There are several API types of ring gaskets used in BOP connections and this is very important

to personnel involving in drilling operation to know about it. API 6A: Specification for Wellhead

and Christmas Tree Equipment is the standard which every manufacture refers to their

equipment.

API Type R Ring Gasket

The API type “R” rig gasket is not a pressure energized gasket therefore this type does NOT

recommend for BOP equipment or safety critical equipment as x-mas tree, wellhead valves, etc.

Sealing area is along small bands of contact between the gasket and the ring gasket on both ID

and OD of the gasket. Shape of type “R” may be oval or octagonal in cross section (see Figure

1). Additionally, face to face between flanges will not touch when the flanges are tightened (see

Figure 2). The “R” gasket is compatible for 6B flanges.

Figure 1 - Type R ring gaskets (shape and groove)

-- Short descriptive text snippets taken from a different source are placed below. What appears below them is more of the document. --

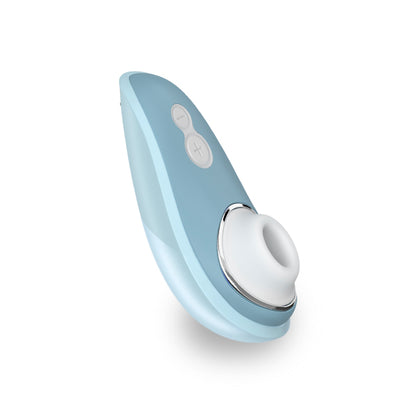 Womanizer Liberty Powder blue/ ウーマナイザーリバティ パウダーブルー 吸引ローター　クリ責め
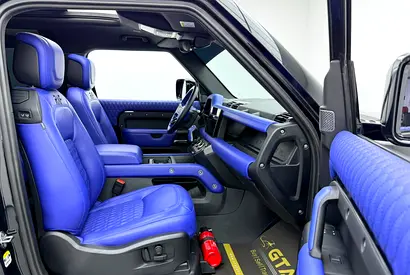 2023 LAND Rover DEFENDER — миниатюра 12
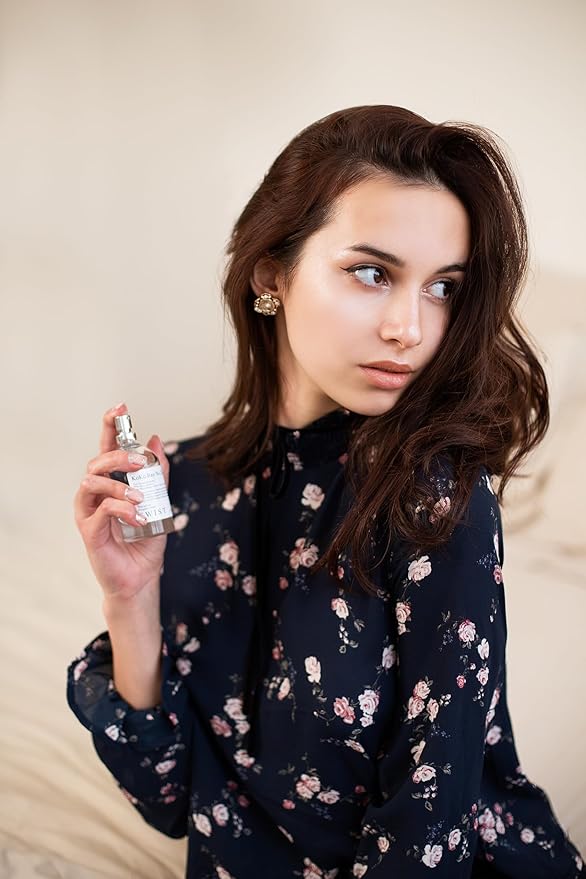 Twist - Select No. 35 - Eau De Parfum Inspired by J. Malone English Pear & Freesia, Long-Lasting Perfume For Women, Paraben Free, Vegan, Clean Ingredients, Fragrance - Spray 100 ml | 3.4 fl. oz.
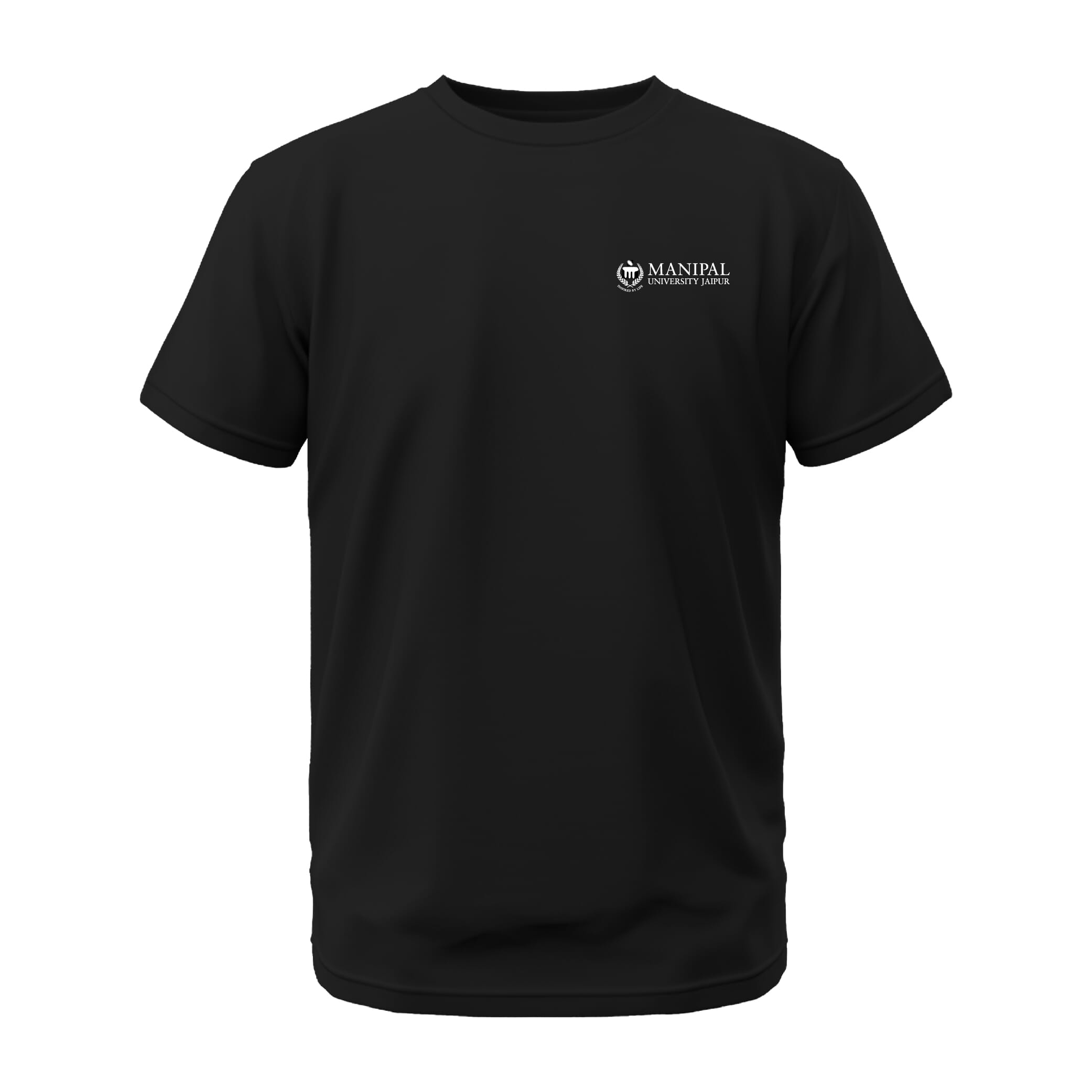 Round Neck Manipal Tribe T-Shirt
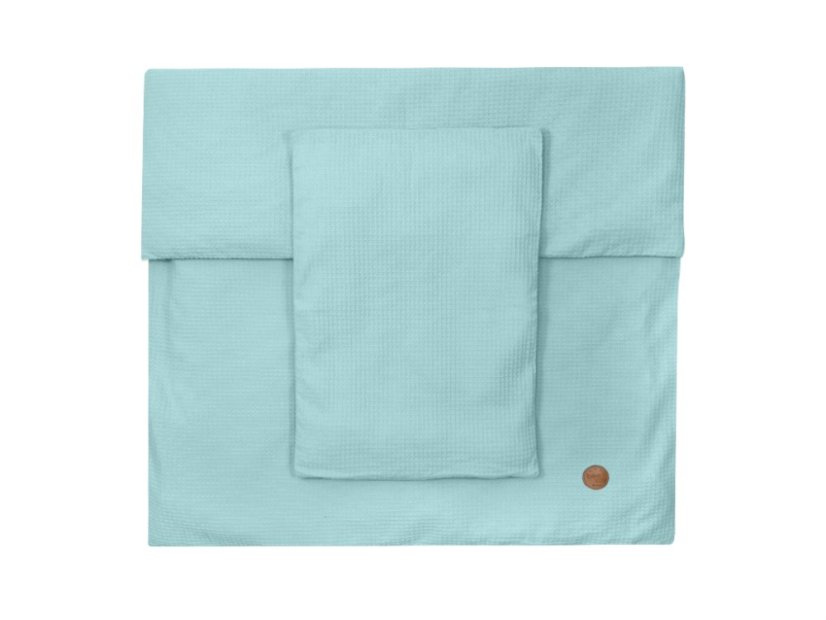 Povlečení DELUXE MINT - Velikost: peřinka 100x135 / polštář 40x60 cm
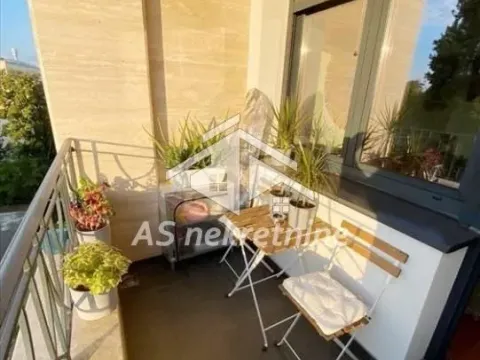 Izdavanje, dvosoban stan, 41m², Savski Venac, Beograd - image 12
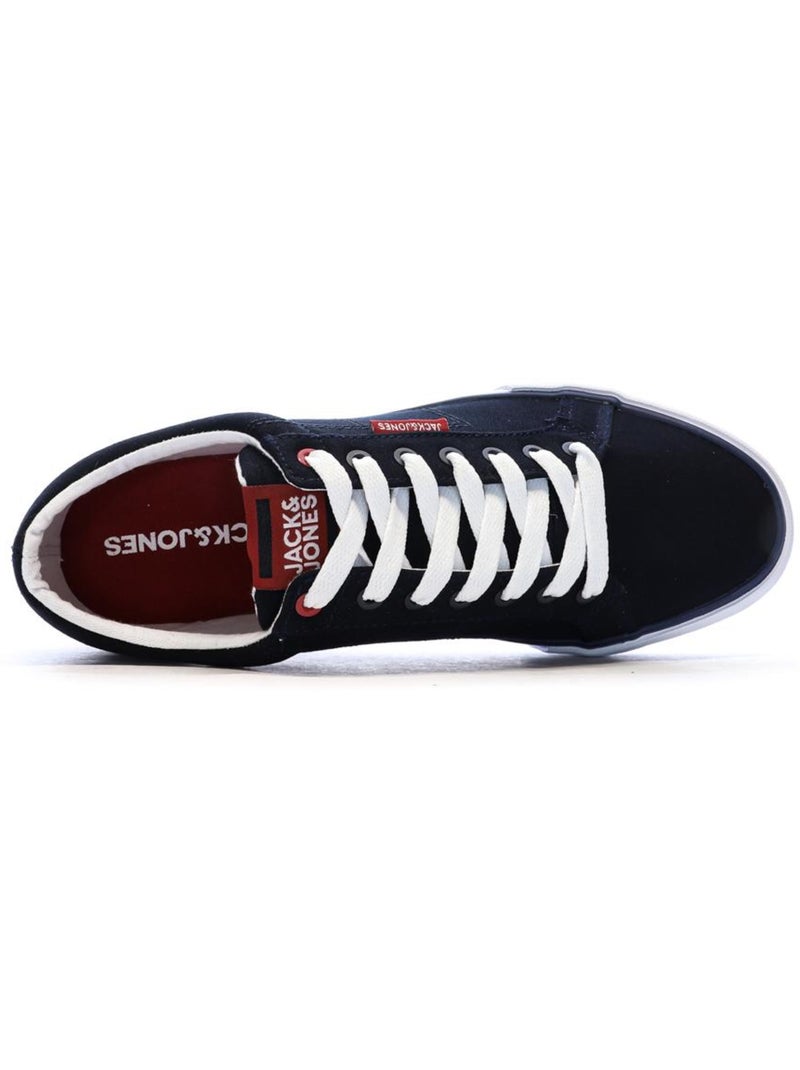Baskets Homme Jack & Jones Bleu marine - Kiabi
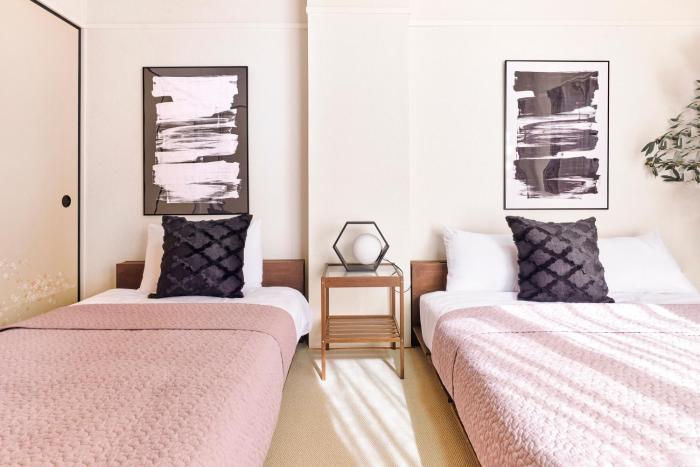 Shibuya Hotel 502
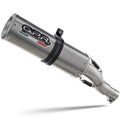 Suzuki Gsxr 1000 R 2021-2025 Exhaust Gpr Slip-on M3 Titanium Natural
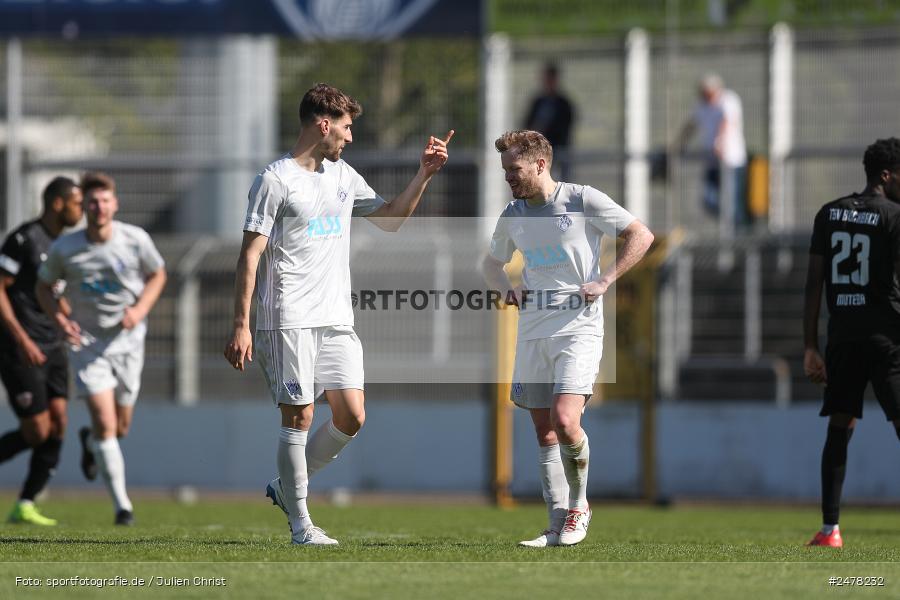 sport, action, TSV Buchbach, TSV, Stadion am Schönbusch, SVA, SV Viktoria Aschaffenburg, Regionalliga Bayern, Fussball, BFV, Aschaffenburg, 29. Spieltag, 12.04.2025 - Bild-ID: 2478232 sport, action, TSV Buchbach, TSV, Stadion am Schönbusch, SVA, SV Viktoria Aschaffenburg, Regionalliga Bayern, Fussball, BFV, Aschaffenburg, 29. Spieltag, 12.04.2025 - Bild-ID: 2478232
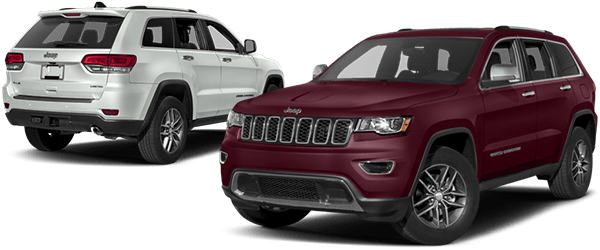 Jeep Grand Cherokee Limited 4x4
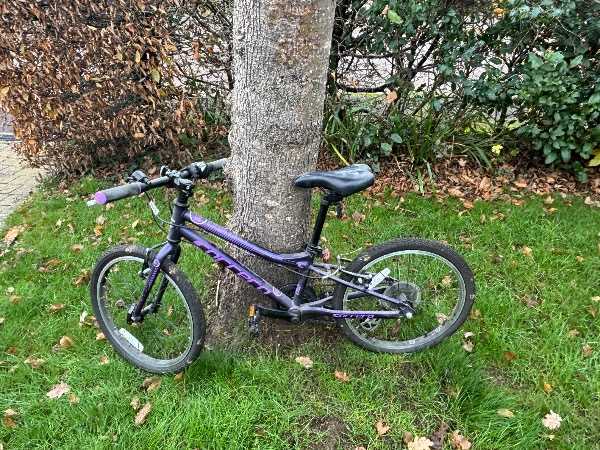 Children’s bike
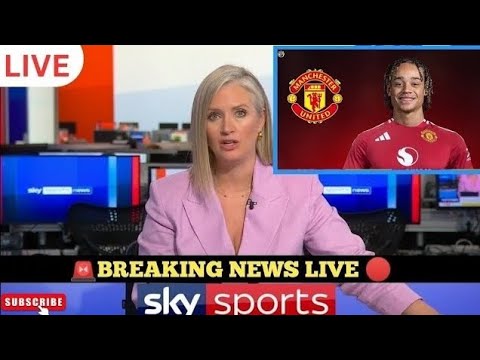 🚨FINALLY💥XAVI SIMONS SIGNS:✍️ MANCHESTER UNITED LAND DUTCH Wonderkid IN MAJOR COUP!HERE WE GO✅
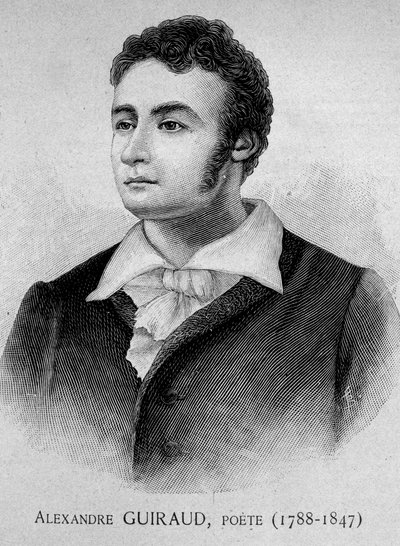 Alexandre Guiraud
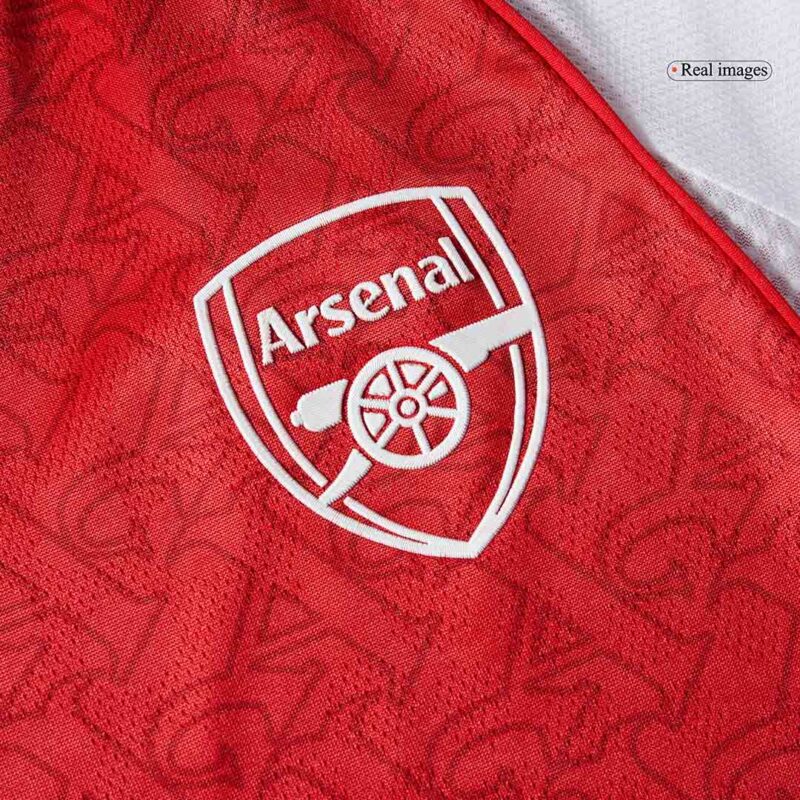 Arsenal Home Authentic Jerseys Kit 2025/26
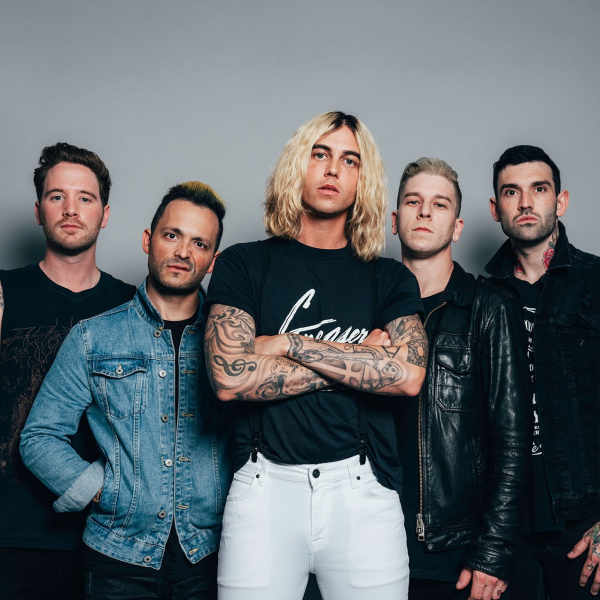 Sleeping with Sirens logo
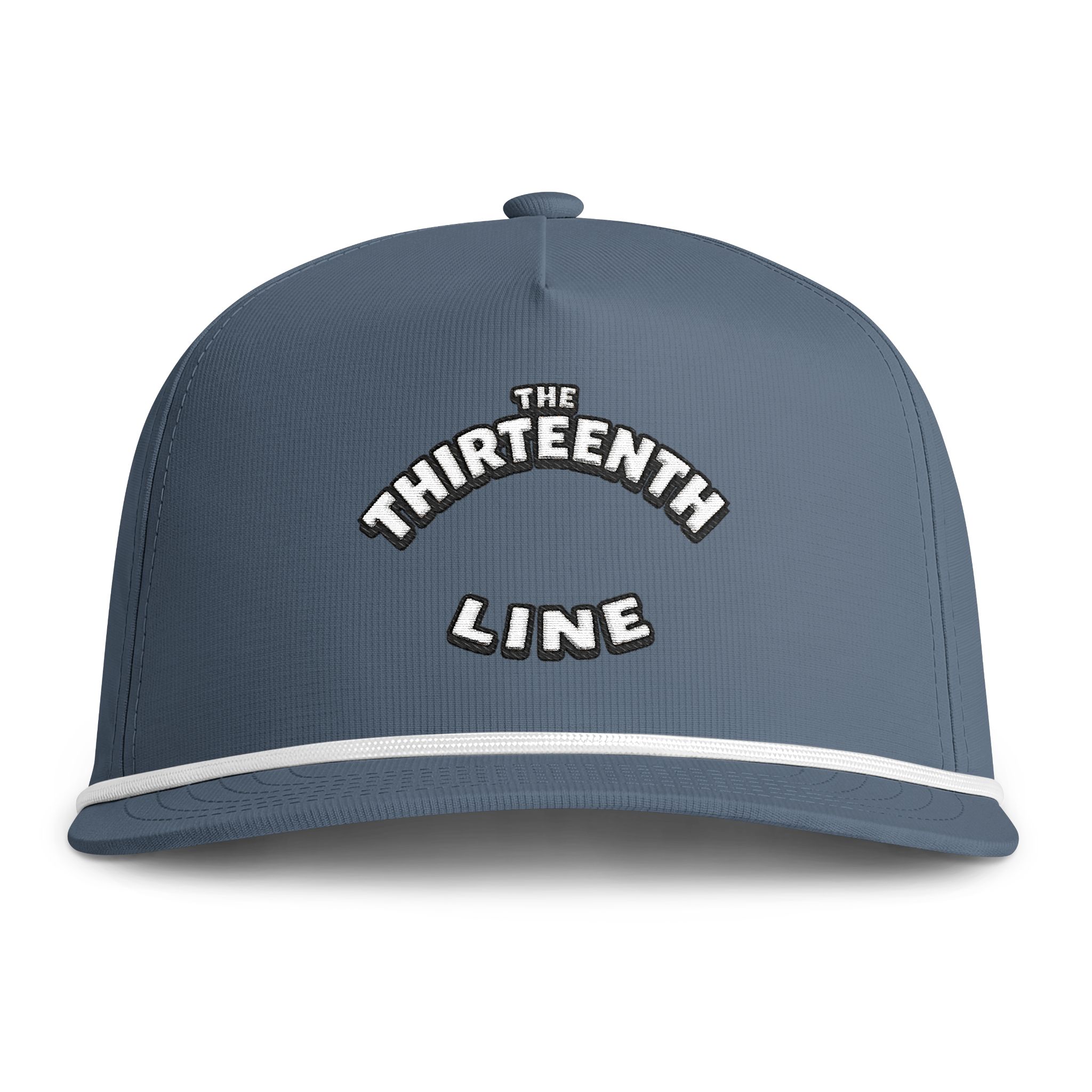Sunwashed Rope Cap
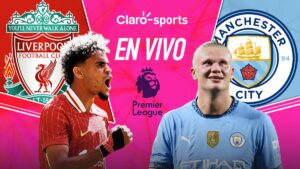 Liverpool vs Manchester City en vivo la Premier League 2024/25: Resultado y goles de la jornada 13, en directo online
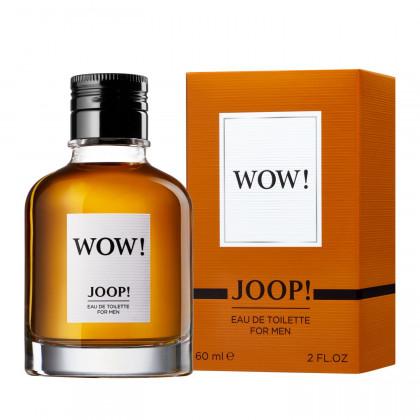 Joop! Wow! Men's Eau de Toilette Spray 60ml - Fragrance London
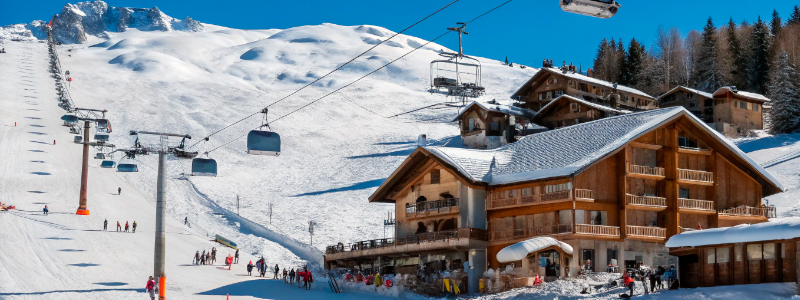 Разработка ОВОС и МООС для строительства туристического комплекса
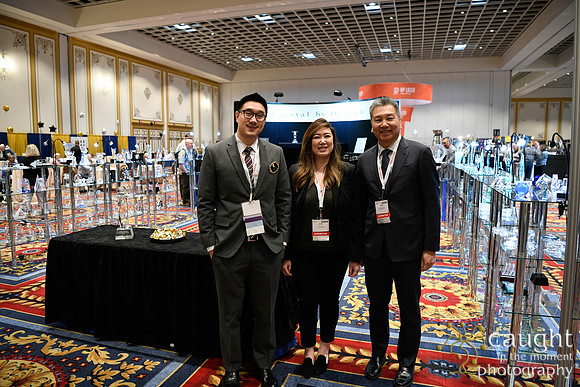 528 IAP Expo 2020-Exhibit Hall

Figure 2 - Type “R” Gasket When Energized

API Type “RX” Ring Gasket

RX ring gasket is a pressure energized ring joint gasket and sealing area when energized is along

small bands of contact between the groove and the OD of the ring gasket (see Figure 3). This

gasket is manufactured a little bit bigger in diameter than the ring groove therefore when it is

compressed, it will deform and seal the pressure. The “RX” is also not a face to face contact (see

Figure 4). This gasket must be utilized only one time. The “RX” gasket is compatible for 6BX

flanges and 16B hubs.

Figure 3 - Type RX Ring Gasket (Shape and Groove)

Figure 4 - Type “RX” Gasket When Energized

API Face-to-Face Type “RX” Ring Gasket

The face-to-face “RX” ring gasket is similar to “RX” gasket except it has increased groove width

to ensure face to face contact between flanges or hubs (see Figure 5). However, this leaves the

gasket unsupported on its ID. It is pressure-energized gasket which was adopted by API. This

gasket may not remain in a perfect round shape when it is tightened because it does not have the

support from ID of the ring groove.

Figure 5 – Face-to-Face Type “RX” Ring Gasket

API Type “BX” Ring Gasket

API Type “BX” (Figure 6) is a pressure energized ring and it is designed for face-to-face contact

between hubs or flanges. When energized, small contact bands between OD of the ring gasket

and the rig groove is the sealing area. This ring gasket is slightly bigger than the ring groove.

Therefore, when the hubs or flanges are tightened, the gasket will be slightly compressed into the

rig groove to seal pressure (see Figure 7). Since this is face-to-face contact type, the tolerance of

the gasket and ring groove is vital. If you have the gasket at the high side of tolerance and the

groove at the low side of tolerance, it will be quite difficult to achieve face-to-face contact. The

“BX” gasket is compatible for 6BX flanges and 16BX hubs.